Radio People on the Move: Now that former WQSX (93.7 Lawrence, now WMKK) PD Jerry McKenna is getting settled in at WBMX (98.5 Boston), he's starting to bring some "Star" talent with him. "Lady D," who also worked at WXKS-FM and WJMN before Star, comes on board to do nights at "Mix 98.5." Over at Greater Media's WBOS (92.9 Brookline), John Laurenti is the new afternoon jock, moving up I-95 from WHJY in Providence.

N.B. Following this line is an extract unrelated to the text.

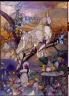 Louis C. Tiffany. Panneau de mosaïque aux cacatoès à huppe jaune, 1916. Tesselles de verre. Accrington, Haworth Art Gallery (c) Photo The Haworth Art Gallery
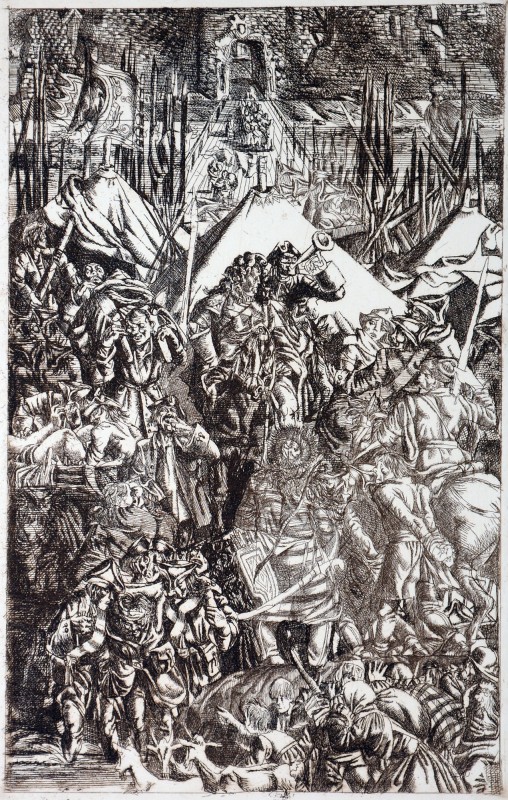 Марієнбург. Ілюстрація до роману О. Толстого «Петро Перший»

*All-news radio, in English anyway, is now history in one of CANADA's biggest markets, as Corus quietly pulled the plug on "940 News" at CINW, replacing it with a news-talk hybrid branded as "AM 940, Montreal Radio." The new AM 940 retains a news-heavy presence in morning and afternoon drive and during the noon hour, but it adds more talk elements outside of drive time, including the syndicated Charles Adler show from 3-5 PM. (Adler also joins the lineup at sister station CFMJ, "AM 640 Toronto," where he's heard from 2-4 PM weekdays.)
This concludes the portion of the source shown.